### TRY IT
Below is a block of entries; repeat exactly the lines starting at the line that contains "Maison - 154 m² - 8 pièces" and ending at the line that contains "she bites necklace", both included.

### EXTRACTED INFORMATION
▬▬▬▬▬▬▬▬▬▬

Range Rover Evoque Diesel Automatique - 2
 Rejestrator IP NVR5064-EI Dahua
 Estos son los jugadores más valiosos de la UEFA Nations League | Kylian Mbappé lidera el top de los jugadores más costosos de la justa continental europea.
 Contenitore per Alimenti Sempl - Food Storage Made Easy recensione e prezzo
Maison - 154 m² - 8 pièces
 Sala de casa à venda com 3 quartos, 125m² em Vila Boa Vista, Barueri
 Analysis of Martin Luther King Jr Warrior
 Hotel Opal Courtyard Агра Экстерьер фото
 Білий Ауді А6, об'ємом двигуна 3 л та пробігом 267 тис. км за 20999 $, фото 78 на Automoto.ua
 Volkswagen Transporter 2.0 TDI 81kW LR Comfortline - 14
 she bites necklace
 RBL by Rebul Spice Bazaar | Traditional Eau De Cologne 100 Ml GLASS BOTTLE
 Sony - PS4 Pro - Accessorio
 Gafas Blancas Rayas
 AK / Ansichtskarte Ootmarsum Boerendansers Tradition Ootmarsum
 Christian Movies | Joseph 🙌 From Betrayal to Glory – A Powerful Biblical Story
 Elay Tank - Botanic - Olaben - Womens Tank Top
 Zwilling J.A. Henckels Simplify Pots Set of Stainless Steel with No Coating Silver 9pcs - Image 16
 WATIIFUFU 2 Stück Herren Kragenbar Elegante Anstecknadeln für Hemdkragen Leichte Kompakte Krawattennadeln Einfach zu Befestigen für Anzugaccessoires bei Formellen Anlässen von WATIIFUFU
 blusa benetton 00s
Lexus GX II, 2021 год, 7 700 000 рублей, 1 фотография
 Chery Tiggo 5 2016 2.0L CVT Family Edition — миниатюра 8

▬▬▬▬▬▬▬▬▬▬

### TASK RESPONSE
Maison - 154 m² - 8 pièces
 Sala de casa à venda com 3 quartos, 125m² em Vila Boa Vista, Barueri
 Analysis of Martin Luther King Jr Warrior
 Hotel Opal Courtyard Агра Экстерьер фото
 Білий Ауді А6, об'ємом двигуна 3 л та пробігом 267 тис. км за 20999 $, фото 78 на Automoto.ua
 Volkswagen Transporter 2.0 TDI 81kW LR Comfortline - 14
 she bites necklace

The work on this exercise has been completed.